Bayshore Global Management LLC
- Company type: Private
- Industry: Family office
- Founded: 2005; 21 years ago
- Founders: Sergey Brin; Anne Wojcicki;
- Headquarters: Palo Alto, California, U.S.
- Key people: George Pavlov (CEO)
- AUM: US$100 billion (2022)
- Number of employees: 100 (2022)

= Bayshore Global Management =

Family office of Sergey Brin

Bayshore Global Management LLC (Bayshore) is an investment firm that serves as the family office of Google co-founder Sergey Brin and until 2015, his ex-wife, 23andMe co-founder Anne Wojcicki. It manages over $100 billion of assets, making it one of the largest family offices despite its low profile.
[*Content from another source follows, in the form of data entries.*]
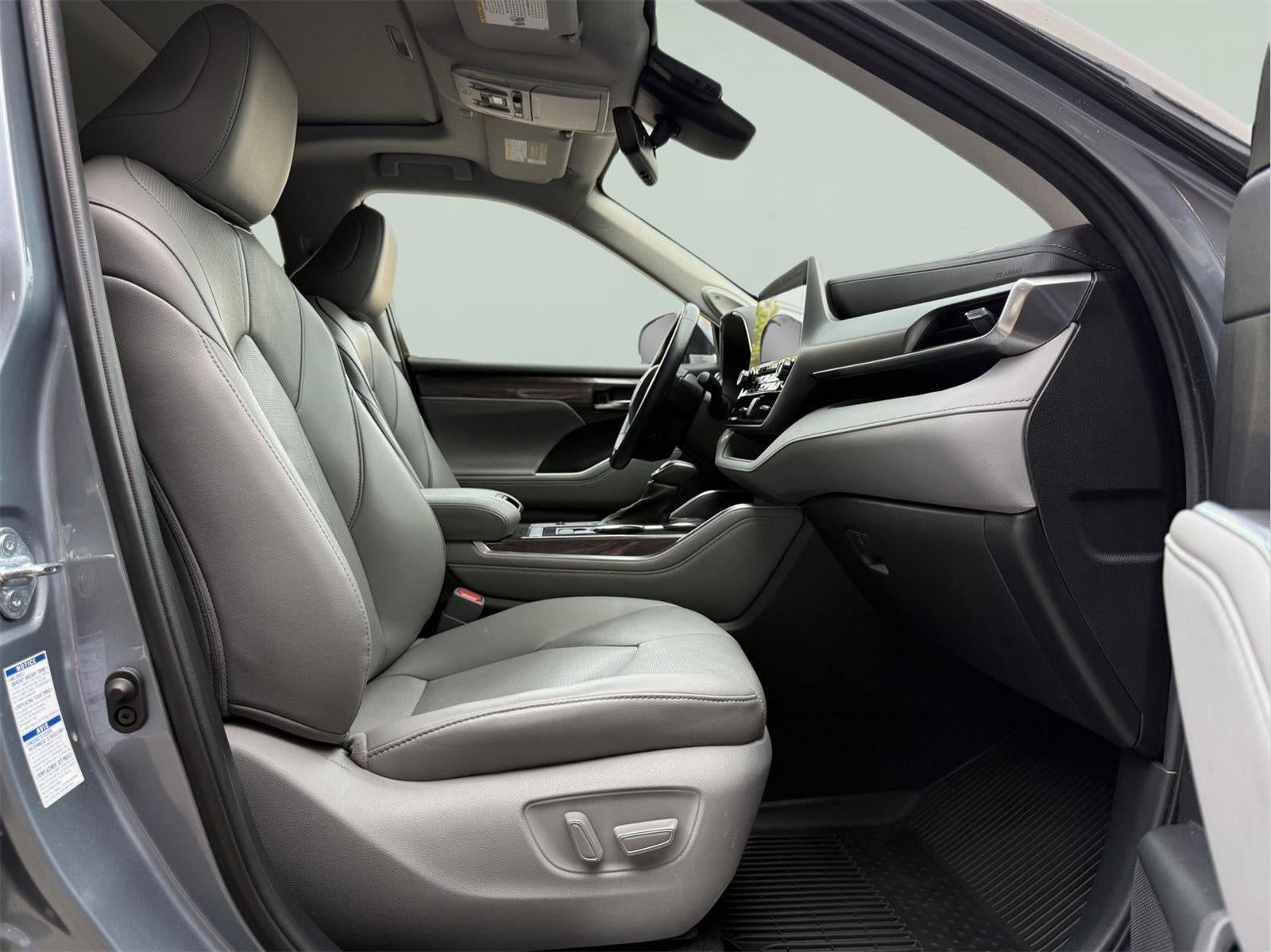 2021 Toyota Highlander Hybrid Limited
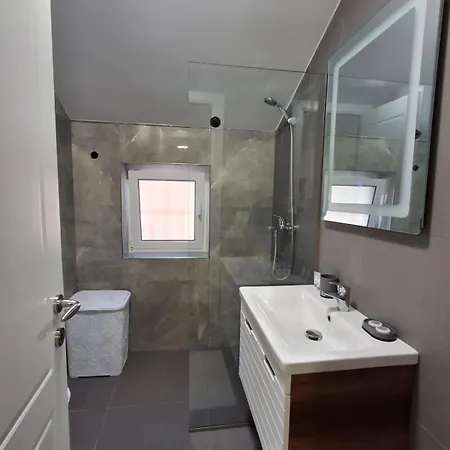 New Fabulous Attic - Modern And Stylish Daire *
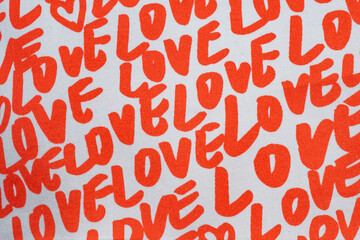 mot d'amour love  écrit sur du tissus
Originally based in Los Altos, California, Bayshore is currently based in Palo Alto with an additional office in Singapore.

== Background ==

Bayshore was founded in 2005, after the initial public offering of Google, to manage the wealth of its cofounder Sergey Brin and his then-wife, Anne Wojcicki. The name Bayshore comes from an area in Mountain View where Google is headquartered.
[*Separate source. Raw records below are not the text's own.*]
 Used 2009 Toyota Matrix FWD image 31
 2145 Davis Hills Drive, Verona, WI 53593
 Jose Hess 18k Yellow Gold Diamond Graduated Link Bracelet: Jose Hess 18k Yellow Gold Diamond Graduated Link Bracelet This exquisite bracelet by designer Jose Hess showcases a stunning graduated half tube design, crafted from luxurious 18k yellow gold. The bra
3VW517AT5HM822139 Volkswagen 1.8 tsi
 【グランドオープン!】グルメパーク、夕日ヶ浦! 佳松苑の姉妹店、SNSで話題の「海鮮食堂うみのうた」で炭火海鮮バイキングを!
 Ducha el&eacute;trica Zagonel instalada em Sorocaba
In 2015, former venture capitalist George Pavlov was hired to manage Bayshore. In the same year, a disaster relief organization called Global Support and Development (GSD) was formed as part of Bayshore before being spun-out as a separate entity in 2019 with initial funding being provided by Brin.
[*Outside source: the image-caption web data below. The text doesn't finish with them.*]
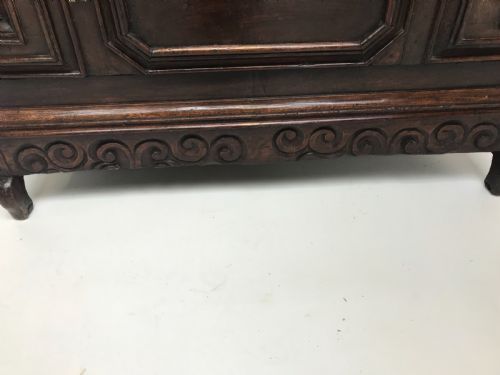 ANTIQUE 17TH CENT OAK CHEST - ADDITIONAL PHOTO 4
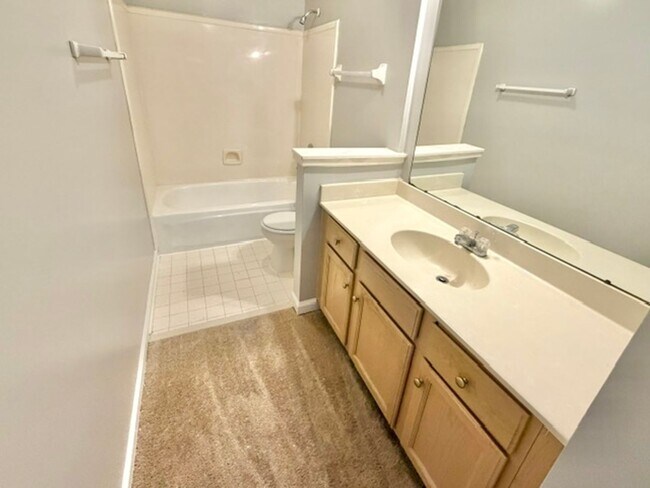 Building Photo - 8611 High Cotton Cove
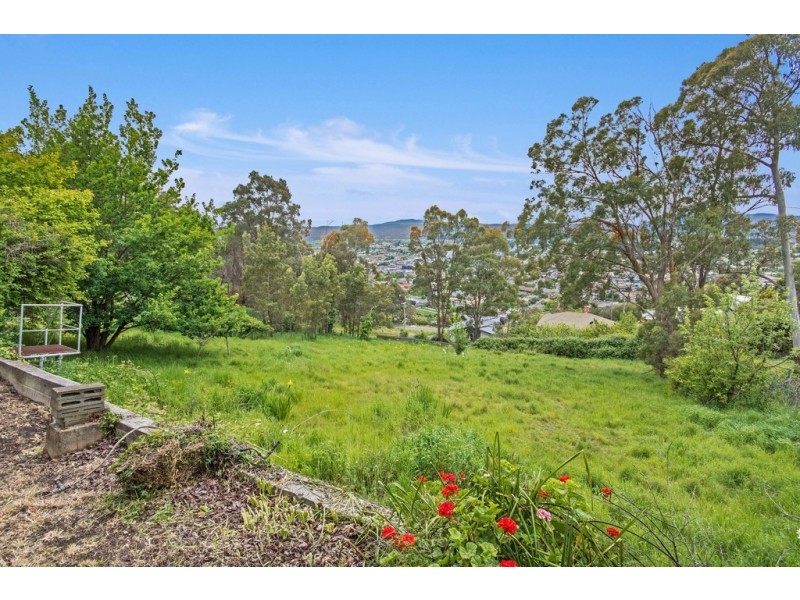 37 Salisbury Crescent, West Launceston TAS 7250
In late 2020, Bayshore opened an office in Singapore. This was speculated to be done for both tax purposes as well as obtaining better investment opportunities in Asia.

In May 2023, it was reported that a De Havilland Canada DHC-6 Twin Otter that crashed almost 40 miles off of the coast of Half Moon Bay, killing two people, was owned by Bayshore. In a statement, Bayshore expressed condolences to the families of the crew on board and said it would provide them with the assistance needed.

Bayshore is estimated to manage $100 billion of assets with 50-100 employees, but has maintained a low profile and has been noted for how secretive it was. Bayshore has no website and there are few details about its investments. The firm has a close relationship with bankers at Morgan Stanley and also with the staff at Larry Page’s family office. Bayshore invests in all the standard asset classes such as equities, commercial real estate, and private equity. With regards to private equity, Bayshore does lots of long-term direct investing and recoils from limited partnership stakes in funds that have ten-year fund cycles. Bayshore also managed Brin's charity firm, the Sergey Brin Family Foundation.

Bayshore started receiving attention after divorce proceedings commenced between Brin and his second wife Nicole Shanahan, as the divorce was held in a court of public opinion. The company hired lawyers to negotiate with Shanahan's team, who hired Bryan Freedman.